(Crawled caption data)

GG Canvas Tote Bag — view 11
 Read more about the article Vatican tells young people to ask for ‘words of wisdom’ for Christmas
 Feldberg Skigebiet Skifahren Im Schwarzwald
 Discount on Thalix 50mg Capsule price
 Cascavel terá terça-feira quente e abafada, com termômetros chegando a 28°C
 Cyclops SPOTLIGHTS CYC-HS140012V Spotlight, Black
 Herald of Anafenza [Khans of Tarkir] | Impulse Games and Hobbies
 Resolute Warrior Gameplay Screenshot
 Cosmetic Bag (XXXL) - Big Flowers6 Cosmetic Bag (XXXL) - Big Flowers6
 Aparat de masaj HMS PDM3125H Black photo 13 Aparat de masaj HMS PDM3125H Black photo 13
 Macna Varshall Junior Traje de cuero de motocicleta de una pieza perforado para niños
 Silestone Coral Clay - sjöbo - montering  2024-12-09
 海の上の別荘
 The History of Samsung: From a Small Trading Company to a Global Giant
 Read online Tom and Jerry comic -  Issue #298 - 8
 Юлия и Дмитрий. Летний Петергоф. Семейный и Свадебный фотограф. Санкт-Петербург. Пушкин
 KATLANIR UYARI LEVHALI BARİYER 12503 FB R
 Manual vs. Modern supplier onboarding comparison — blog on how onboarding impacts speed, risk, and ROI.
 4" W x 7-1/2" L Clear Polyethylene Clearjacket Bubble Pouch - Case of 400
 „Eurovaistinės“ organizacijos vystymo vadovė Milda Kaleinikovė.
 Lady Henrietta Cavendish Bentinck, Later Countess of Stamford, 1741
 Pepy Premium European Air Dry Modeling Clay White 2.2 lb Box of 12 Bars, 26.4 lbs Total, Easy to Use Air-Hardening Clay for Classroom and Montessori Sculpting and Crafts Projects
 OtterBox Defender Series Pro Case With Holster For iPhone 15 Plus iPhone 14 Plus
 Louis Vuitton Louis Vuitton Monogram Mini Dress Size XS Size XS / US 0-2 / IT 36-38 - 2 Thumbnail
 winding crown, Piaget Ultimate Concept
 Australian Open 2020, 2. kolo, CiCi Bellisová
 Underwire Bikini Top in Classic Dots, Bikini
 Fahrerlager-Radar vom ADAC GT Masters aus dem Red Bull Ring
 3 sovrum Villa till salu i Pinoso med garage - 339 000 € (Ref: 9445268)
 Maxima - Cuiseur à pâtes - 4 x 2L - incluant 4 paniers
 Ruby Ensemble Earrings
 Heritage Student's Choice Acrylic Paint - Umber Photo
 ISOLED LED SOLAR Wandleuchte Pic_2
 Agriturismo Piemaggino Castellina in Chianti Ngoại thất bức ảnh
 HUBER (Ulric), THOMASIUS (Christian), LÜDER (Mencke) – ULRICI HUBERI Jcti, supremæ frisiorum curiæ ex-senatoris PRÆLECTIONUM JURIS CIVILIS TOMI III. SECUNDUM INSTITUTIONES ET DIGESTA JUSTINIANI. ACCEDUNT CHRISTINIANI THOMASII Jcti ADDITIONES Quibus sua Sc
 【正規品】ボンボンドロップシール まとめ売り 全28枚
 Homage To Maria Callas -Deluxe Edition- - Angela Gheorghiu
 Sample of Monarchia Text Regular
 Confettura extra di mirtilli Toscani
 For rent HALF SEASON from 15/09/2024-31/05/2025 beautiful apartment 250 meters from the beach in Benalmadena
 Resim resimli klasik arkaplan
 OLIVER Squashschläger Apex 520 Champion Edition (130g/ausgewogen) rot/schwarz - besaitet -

## [Your assignment]
From the records above, copy only the lines starting with the line that holds "Case of 400" and going on through the line that holds "Agriturismo Piemaggino Castellina", exactly as written.

## [Finished exercise]
 4" W x 7-1/2" L Clear Polyethylene Clearjacket Bubble Pouch - Case of 400
 „Eurovaistinės“ organizacijos vystymo vadovė Milda Kaleinikovė.
 Lady Henrietta Cavendish Bentinck, Later Countess of Stamford, 1741
 Pepy Premium European Air Dry Modeling Clay White 2.2 lb Box of 12 Bars, 26.4 lbs Total, Easy to Use Air-Hardening Clay for Classroom and Montessori Sculpting and Crafts Projects
 OtterBox Defender Series Pro Case With Holster For iPhone 15 Plus iPhone 14 Plus
 Louis Vuitton Louis Vuitton Monogram Mini Dress Size XS Size XS / US 0-2 / IT 36-38 - 2 Thumbnail
 winding crown, Piaget Ultimate Concept
 Australian Open 2020, 2. kolo, CiCi Bellisová
 Underwire Bikini Top in Classic Dots, Bikini
 Fahrerlager-Radar vom ADAC GT Masters aus dem Red Bull Ring
 3 sovrum Villa till salu i Pinoso med garage - 339 000 € (Ref: 9445268)
 Maxima - Cuiseur à pâtes - 4 x 2L - incluant 4 paniers
 Ruby Ensemble Earrings
 Heritage Student's Choice Acrylic Paint - Umber Photo
 ISOLED LED SOLAR Wandleuchte Pic_2
 Agriturismo Piemaggino Castellina in Chianti Ngoại thất bức ảnh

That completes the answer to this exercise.